This is another photograph from a lab in the Charles Harris Group at UC Berkeley. I previously photographed this effusion cell apparatus from an orthogonal orientation, but I also found this shot at its long axis intriguing. The sense of complexity and purpose, but also the sense of aesthetic minimalism, always attracts me to physics apparatuses.
UC Berkeley’s student machine shop has a truly fascinating collection of old machines that are still fantastically useful. (I’ve posted on it before.) This particular photograph is of a lathe’s controls–both those for moving the tool bit relative to the metal as well as those for the automatic feeds.

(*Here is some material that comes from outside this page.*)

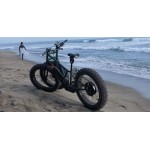 Трехколесный велосипед, который создан, чтобы ездить по песку.
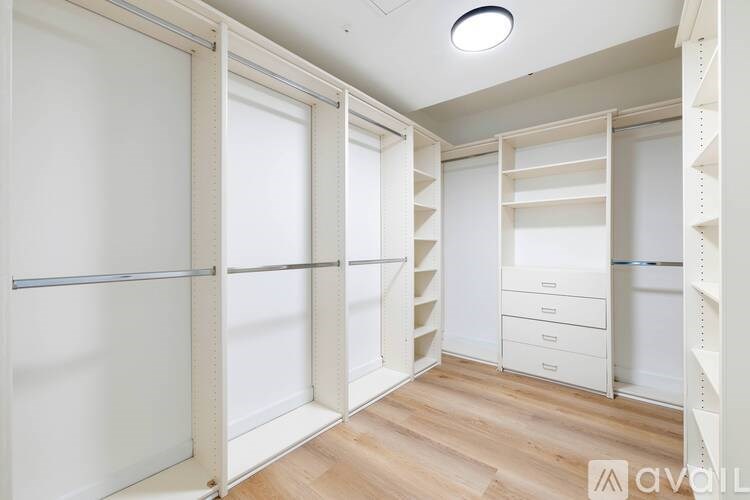 A white room with a wooden floor and a white ceiling with a light fixture.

When everything I work with in the laser lab is computer-controlled, it’s refreshing to work with a machine that works entirely from a clever design of gears and cogs. There’s a solidity and strength in a device that is completely independent of interference from microprocessors.
Berkeley has a Student Machine Shop, and my scientific experiments would never get off the group without it. I’ve lost track of the number of times that I’ve needed a part that has never before been made–I can only imagine in my mind what I need. I make some preliminary drawings, and I head up to the shop to machine this fantasy part from aluminum or, more rarely, steel. To see that form from my imagination slowly becoming reality is one of the most exciting experiences I’ve ever had. (It’s probably worth noting that I started as a sculptor before transitioning to photography.)
This particular photograph is of a milling machine, used to make planes, grooves, and holes in metal. In many ways, it’s a lot more flexible than a lathe (the other ubiquitous machine shop tool), but also a bit more threatening looking.